Я не успеваю к нему подойти, потому что Том-Том поворачивается и сам идет в мою сторону. Он идет слишком быстро, но я не сразу это замечаю, продолжаю стоять с подносом в руках. И лишь когда все кругом расступаются, пропуская его, я понимаю, что сейчас произойдет. Время вдруг растягивается до бесконечности, в нем образуется брешь, сквозь эту брешь я смотрю в ничего не выражающие глаза Том-Тома и думаю: как же я мог упустить момент? Засмотрелся на гекконов?

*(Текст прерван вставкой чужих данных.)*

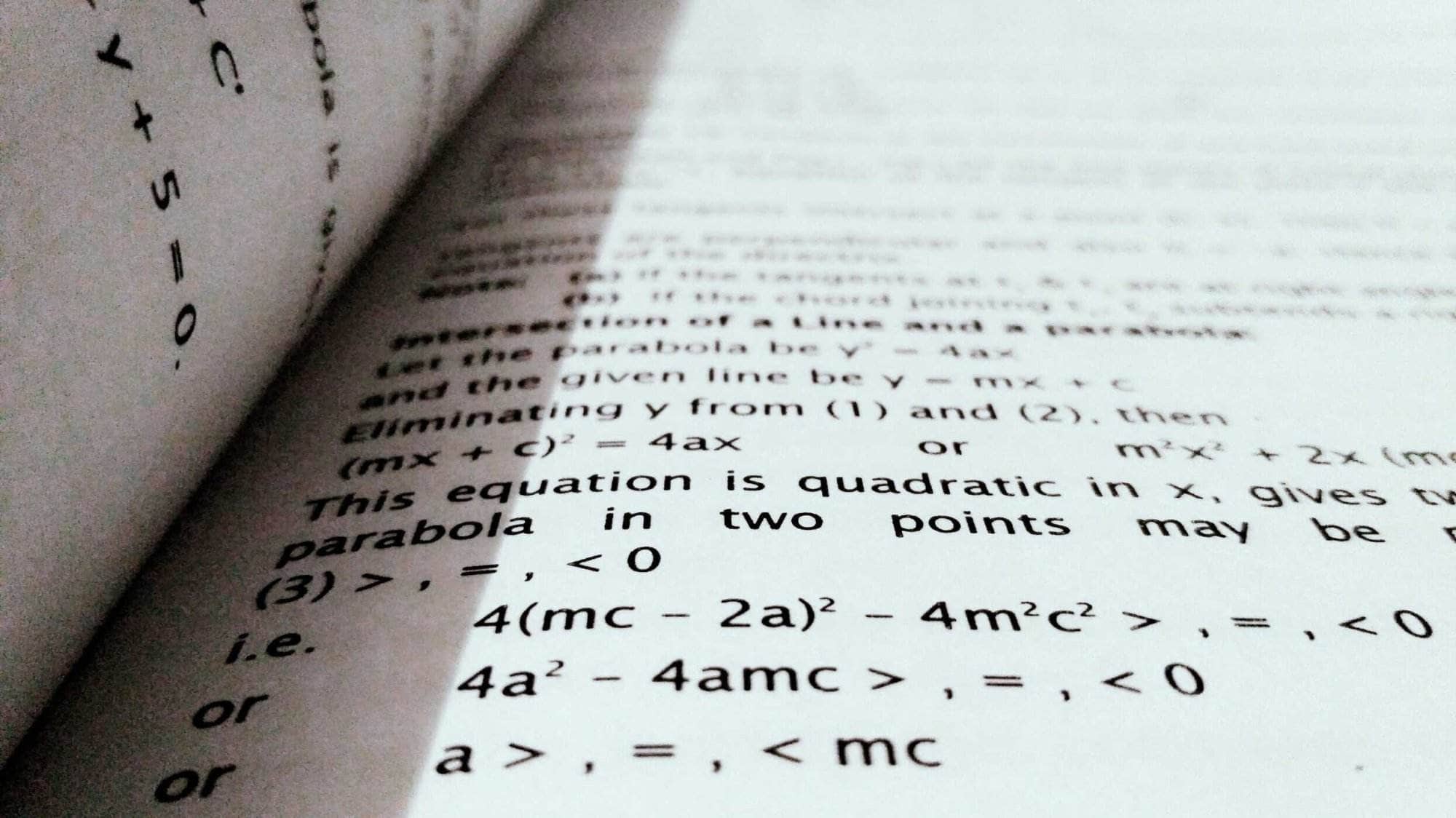 Close-up of calculus equations in textbook.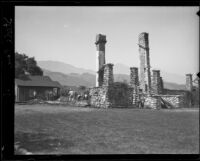 Stone remnants of William and Clara Steele's fire-destroyed home rise above the debris, Pomona, 1921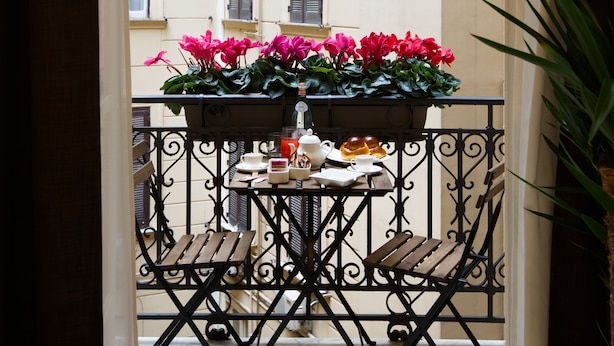 A balcony with a table and chairs, a potted plant, and a view of a building with shutters. - Nap Luxury Guest House (Naples)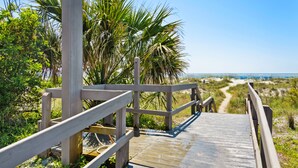 A wooden boardwalk leading to a beach with palm trees and a clear sky. - Gorgeous dual-level ocean view unit located in Wild Dunes (Isle of Palms)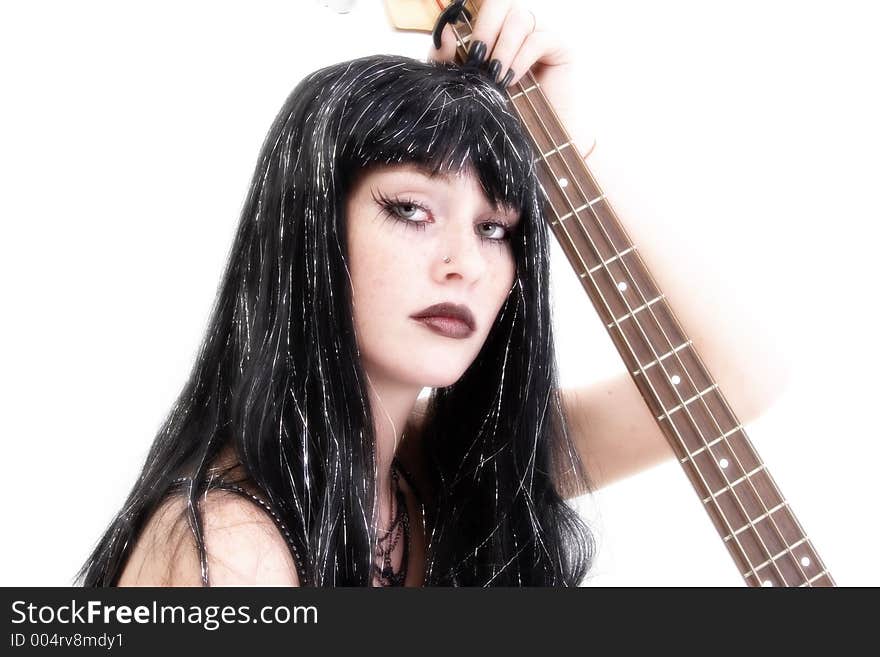 Teen girl bass player in goth fashion. Teen girl bass player in goth fashion.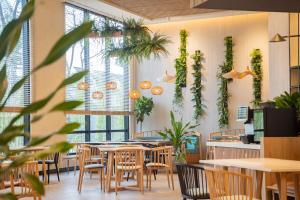 a restaurant with tables and chairs and plants on the wall at Melia Hanoi in Hanoi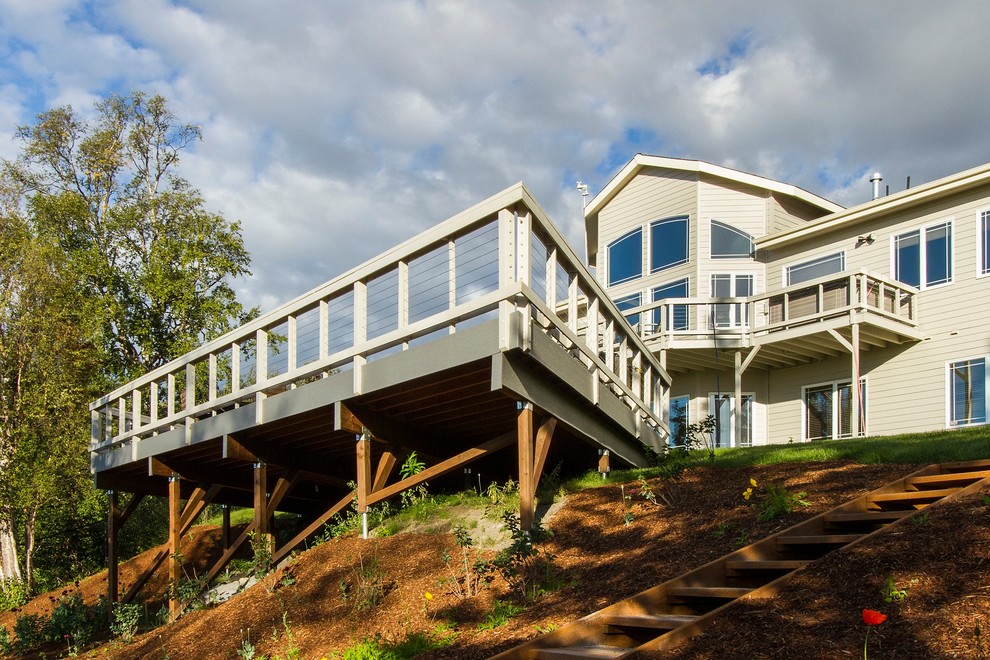 This is an example of a large modern backyard deck in Other.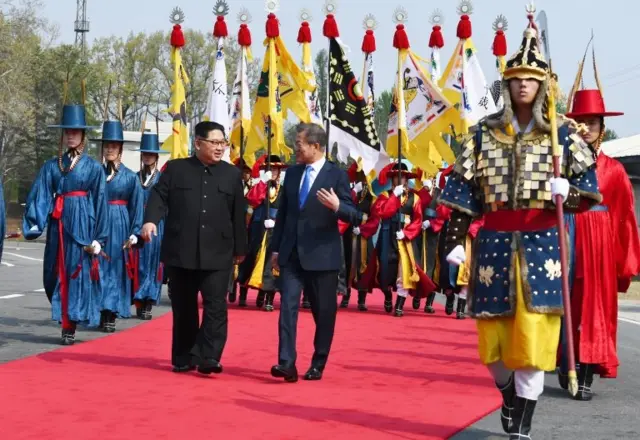 Kim Jong-un y Moon Jae-in caminan y hablan.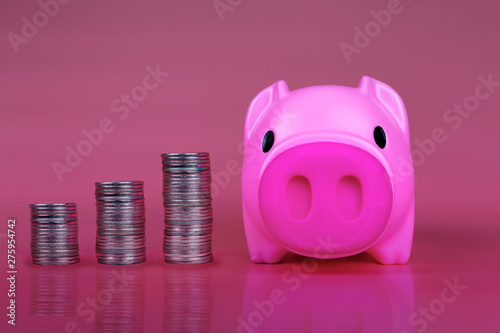 Pink piggy bank save coin on pink background, Piggy pink bank with growth coins which means grwoth business success concept. photo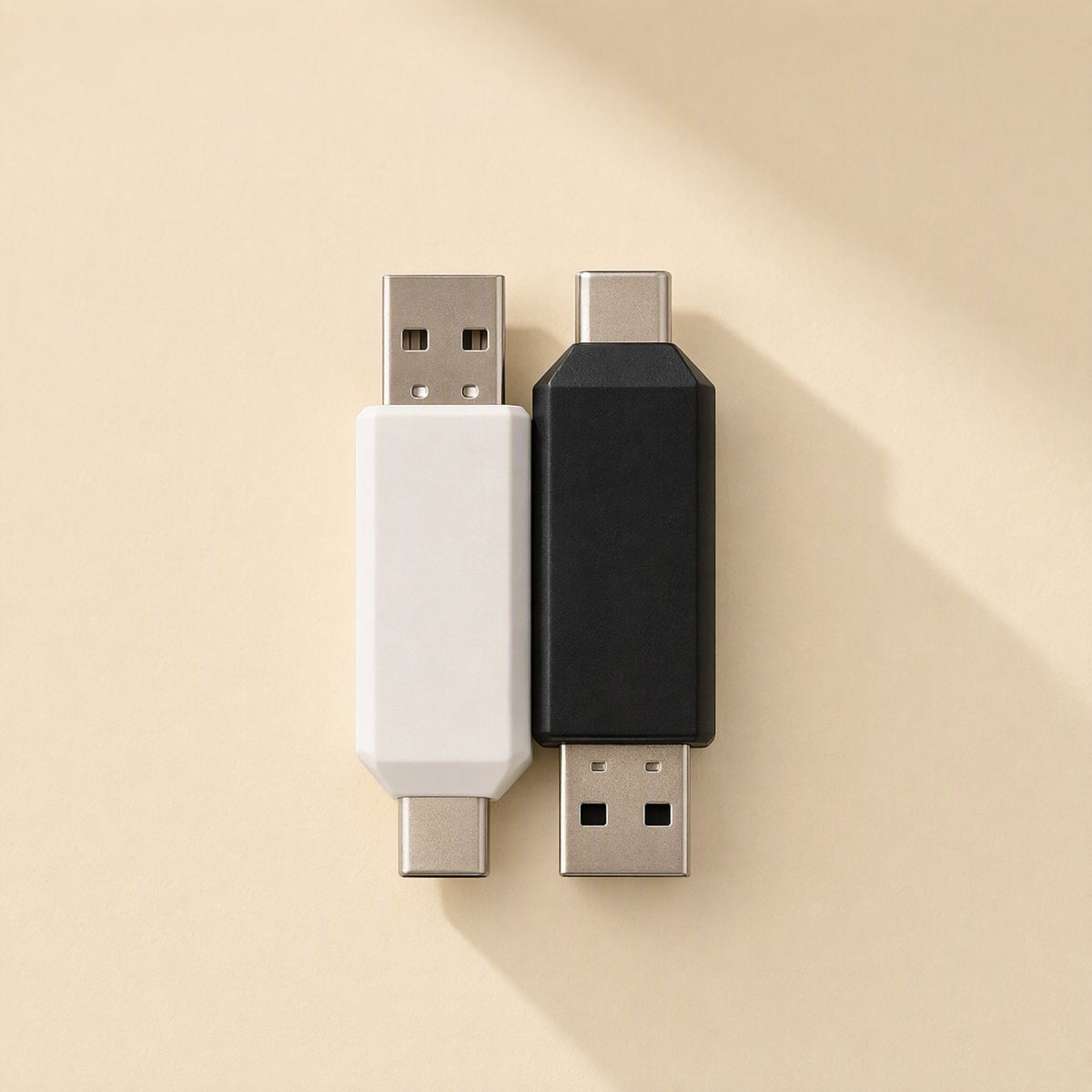 Slotbridge Type-C SD TF Card Reader in white and black, side by side with USB-A and USB-C plugs on cream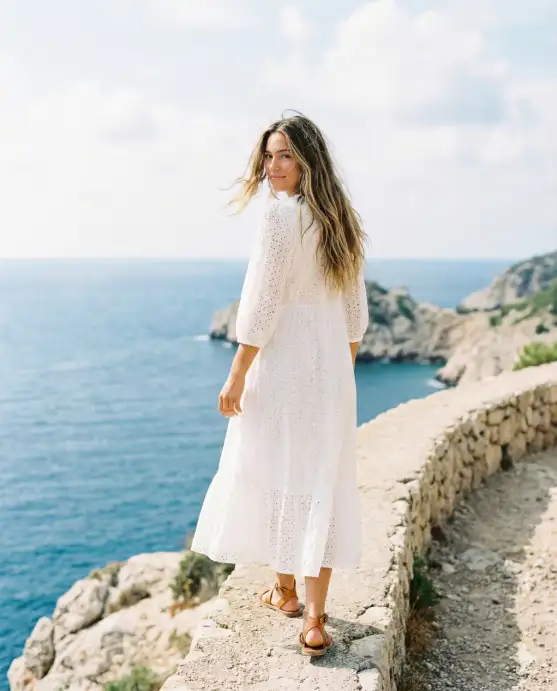 Create a photo of a young woman walking along a narrow stone path on a coastal cliff, looking back over her shoulder toward the camera with a relaxed smile. She is wearing a flowy white broderie anglaise midi dress with thin straps and a slightly open neckline, and tan leather flat sandals. Her hair is long and loose, slightly windswept. The background shows a dramatic blue sea, rocky coastline, and a pale blue sky with soft white clouds. The camera is at a low angle slightly behind her, capturing her in motion. Bright, clean natural light with airy, sun-bleached tones. Fashion lifestyle photography. Use aspect ratio 4:5.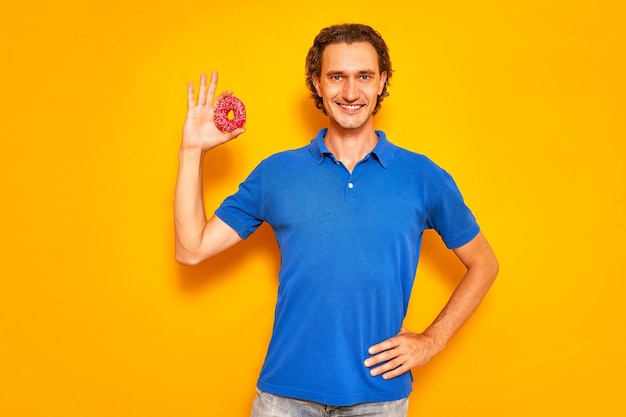 Smiling man holds donut in his hand in form of an OK sign he is dressed in casual clothes blue polo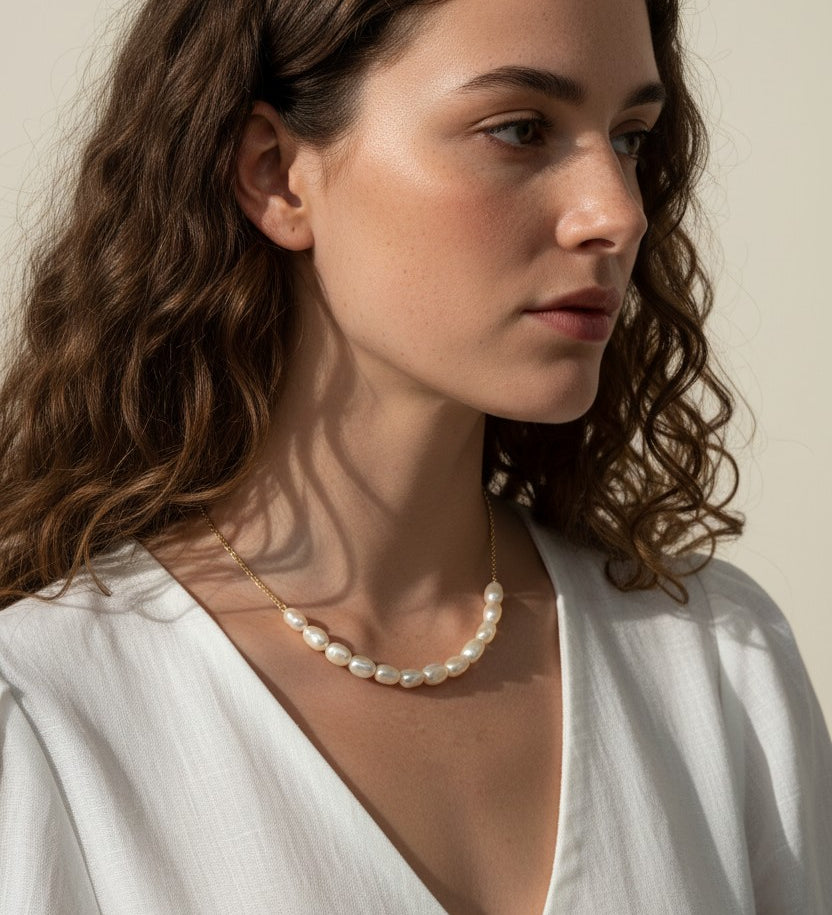 gold pearl cluster necklace on model, freshwater pearl necklace worn, modern pearl necklace styled, pearl necklace with white dress, gold chain pearl necklace, elegant pearl necklace lifestyle, dainty pearl cluster jewelry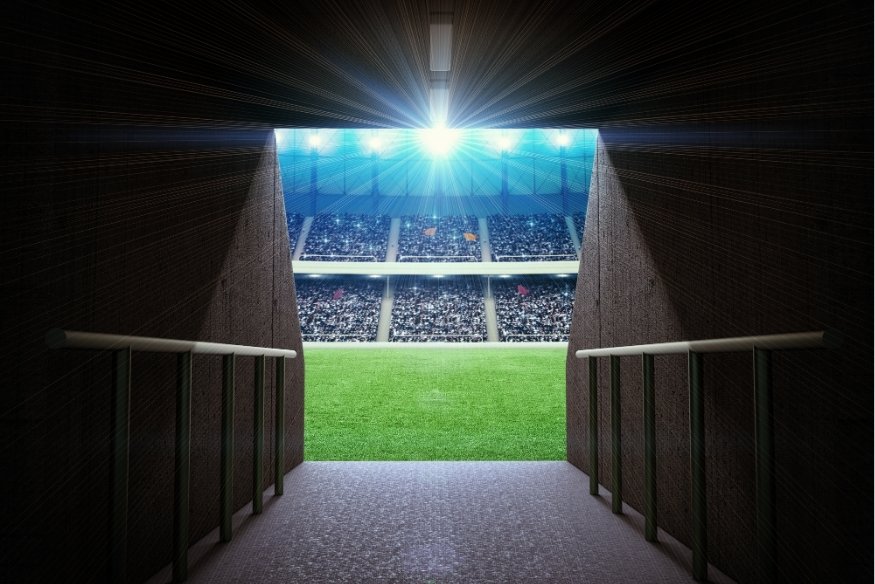 Entrada do túnel de estádio de futebol levando ao campo iluminado durante partida do Brasileirão, representando a atmosfera vibrante do campeonato nacional.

И тут во времени что-то щелкает, и мне начинает казаться, что я все знал заранее — будто все это со мной было раньше, будто я ждал.
Том-Том обхватывает одной рукой мою шею, и что-то острое входит мне в живот. Это происходит так быстро, что я еще не выронил поднос, а уже все, дело сделано. В следующую секунду Дэвис — семьсот отжиманий в день — настигает Том-Тома одним прыжком, отрывает его от пола и швыряет на стол в трех метрах от нас. Но Том-Том не один, при нем трое «своих»: двое повисают у Дэвиса на руках, третий на шее — вцепляются намертво и висят, пока подбежавшие надзиратели не растаскивают их в стороны.